# Just In Time



## RhoKappa

This expression refers to perfect timing, especially when an act was needed at that time.  Here are some examples.

1. Sergei and Lena bought the air conditioner just in time for summer.
2. The children came home just in time for dinner.
3. The runners finished the race just in time.

Google translates "just in time" as как раз вовремя, but when I enter "just in time for summer," it translates to как раз к лету, so I am not sure what the correct translation is, and when to use как раз к (dative?).  Как сказать по-русски?


----------



## Awwal12

Google is basically right: usually it will be "как ра́з во́время" without specifying arguments and "как ра́з к чему́-л." if the arguments are present (adding both, "во́время к чему́-л."  , is impossible).

Some other options are possible (like "аккура́т к чему́-л.").


----------



## Vadim K

Awwal12 said:


> (adding both, "во́время к чему́-л."  , is impossible).

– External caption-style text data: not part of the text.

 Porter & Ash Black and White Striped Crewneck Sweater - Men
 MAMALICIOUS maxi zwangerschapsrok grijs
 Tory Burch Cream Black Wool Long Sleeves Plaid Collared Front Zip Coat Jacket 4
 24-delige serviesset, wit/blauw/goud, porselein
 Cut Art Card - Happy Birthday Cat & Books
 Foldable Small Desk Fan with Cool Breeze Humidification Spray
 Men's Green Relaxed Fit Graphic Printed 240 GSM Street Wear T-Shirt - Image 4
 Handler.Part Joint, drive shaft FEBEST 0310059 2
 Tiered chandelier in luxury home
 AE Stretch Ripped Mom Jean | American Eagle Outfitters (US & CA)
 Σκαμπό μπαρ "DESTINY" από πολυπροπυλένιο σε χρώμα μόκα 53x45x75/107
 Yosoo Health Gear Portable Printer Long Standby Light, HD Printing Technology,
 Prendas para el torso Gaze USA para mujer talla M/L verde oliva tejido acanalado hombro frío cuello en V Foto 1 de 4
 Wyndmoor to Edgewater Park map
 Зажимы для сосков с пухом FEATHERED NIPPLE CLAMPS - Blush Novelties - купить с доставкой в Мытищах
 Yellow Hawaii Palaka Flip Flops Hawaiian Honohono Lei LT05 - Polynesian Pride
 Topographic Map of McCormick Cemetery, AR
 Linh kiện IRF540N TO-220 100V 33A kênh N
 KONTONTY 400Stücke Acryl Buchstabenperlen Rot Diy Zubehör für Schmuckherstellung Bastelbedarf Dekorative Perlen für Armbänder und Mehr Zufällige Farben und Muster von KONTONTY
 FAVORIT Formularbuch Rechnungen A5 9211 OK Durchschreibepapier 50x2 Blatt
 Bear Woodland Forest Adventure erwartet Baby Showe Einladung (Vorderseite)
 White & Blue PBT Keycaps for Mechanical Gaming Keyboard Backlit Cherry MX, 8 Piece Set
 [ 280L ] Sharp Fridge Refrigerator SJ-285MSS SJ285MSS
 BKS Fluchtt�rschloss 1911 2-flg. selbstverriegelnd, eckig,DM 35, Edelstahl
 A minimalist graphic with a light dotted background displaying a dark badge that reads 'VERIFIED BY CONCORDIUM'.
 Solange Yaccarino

Google wouldn't agree with you.  

"вовремя к" - Google Search

"как раз вовремя к" - Google Search


----------



## Awwal12

Vadim K said:


> Google wouldn't agree with you.
> 
> "вовремя к" - Google Search
> 
> "как раз вовремя к" - Google Search


You may notice that "к" in the absolute majority of these cases (of the latter group, of course; most from the former are entirely irrelevant, since "вовремя" and "к кому-л./чему-л." aren't directly related there) belong to some isolated part of the sentence (which is separated by a comma, by a dash etc.).


----------



## Vadim K

Awwal12 said:


> since "вовремя" and "к кому-л./чему-л." aren't directly related there


Could you please clarify a little bit this point? Not sure that I understand what it means "_aren't directly related there_".



Awwal12 said:


> You may notice that "к" in the absolute majority of these cases belong to some isolated part of the sentence (which is separated by a comma, by a dash etc.).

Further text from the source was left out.